Wanted: Ideas for cutting the high cost of official prosecution

Your humble State Worker blogger would like to hear your ideas on how to cut back on the cost of prosecuting so many politicians in this state. We need to save some tax dollars here.

I’ve got one to get the ball rolling: With so many of the state’s legislators going to jail, how about if we fire about 63 of them, so we’d at least have fewer possibilities at prosecution?

Crazy, you say?

Well, here’s an idea floated by Charles Chieppo, a research fellow at the Ash Center of the Harvard Kennedy School: Go unicameral!

He explains it in a recent article in Governing magazine.

Every state except Nebraska has a bicameral legislature, but with the passage of time, it’s a setup that has come to make less sense. Nebraska passed a ballot initiative to create a unicameral legislature in 1934. When it was implemented in 1937, the state’s legislative costs were cut nearly by half.

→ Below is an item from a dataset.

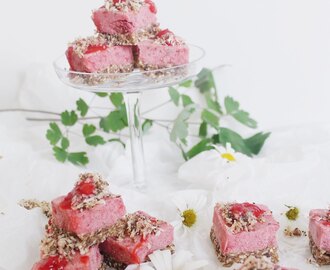 Raw Vegan Stawberry Ice Cream Bites w Hazelnut Crunch & Strawberry Sauce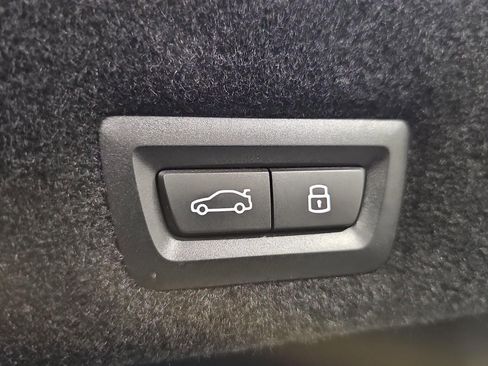 Used 2024 BMW 760i xDrive image 33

But cost isn’t the only reason for states to adopt unicameral legislatures. Under the bicameral model, differences between bills passed by the lower and upper houses are hashed out in conference committees whose meetings are not public. Conference committees include only a few legislators, and their deliberations can easily be influenced by lobbyists. A unicameral legislature promotes greater transparency.

Then there is the efficiency of the process, with legislation not having to make its way through two bodies and then a conference committee before arriving on the governor’s desk.

What are your ideas on how to cut back on spiking prosecution costs?